С 1991 по 2004 год Леонид Непомнящий жил и работал в Мексике. Сотрудничал с крупнейшими издательствами этой страны. В 1992 году награждён премией совета по культуре правительства Мексики и национальной премией «Антонио Роблес» за книжные иллюстрации. В настоящее время художник живет и работает в Москве.

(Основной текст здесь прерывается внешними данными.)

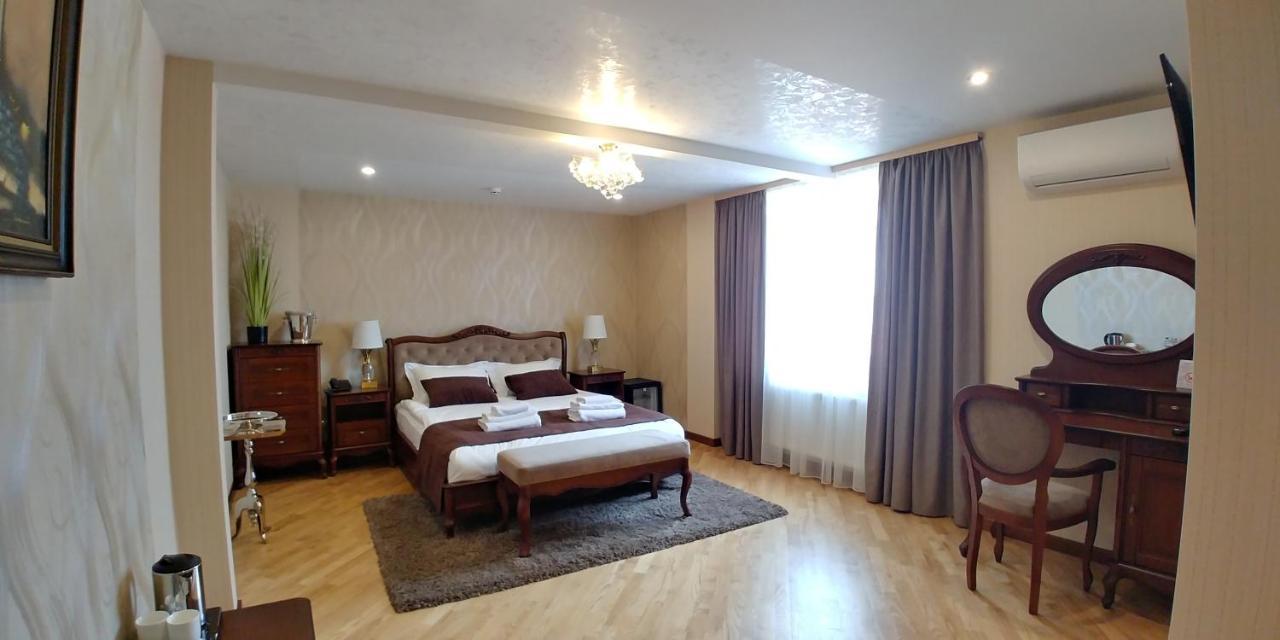 Hotel Meridian Броди Екстер'єр фото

Где теперь Леонид Непомнящий?
Но кто видел его в последние годы? Где он? Как теперь выглядит, над чем работает? Кого ни спросишь — пожимают плечами. Непомнящий как-то постепенно превратился в некий миф. Его образ, его след то и дело возникали и снова растворялись в пространстве и времени. Он неуловим, и все же — вот он. Вроде бы еще вчера отбивался от комаров на пленэре в тверской глубинке, а сегодня — он уже улыбается с мексиканской фотографии на фоне Полифорума Сикейроса.

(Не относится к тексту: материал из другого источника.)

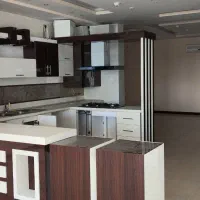 کابینت های گلس  بسیار تمیز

Странное чувство: он, кажется, здесь, с нами, даже когда он далеко от нас. Снимаю с полки книгу — иллюстрации Непомнящего, захожу в галерею — жена Татьяна, тоже художник, как ни в чем ни бывало развешивает его новые работы. Включаю телевизор — актриса Валентина Талызина что-то нелицеприятное говорит о бывшем муже. Он всегда незримо присутствует в теплых дружеских застольях. Вспоминают его веселые байки, например, о происхождении фамилии, которую якобы получил его дед, скрипач, прибившийся к конной армии Буденного. Воспринималось это как легенда. Но вот стало известно, что брат нашего художника — профессиональный музыкант. Значит, не такая уж и легенда, гены работают. Леониду же досталось просто любить музыку и временами блистать исполнением мосховского фольклора, знаменитыми куплетами про Коровина и Шаляпина, так артистично, смешно, незабываемо. Встречаясь, художники говорили о нем уже, как правило, в мемуарных интонациях. Довольно долго его не было среди нас. Пятнадцать лет Непомнящий провел в Мексике и недавно вернулся.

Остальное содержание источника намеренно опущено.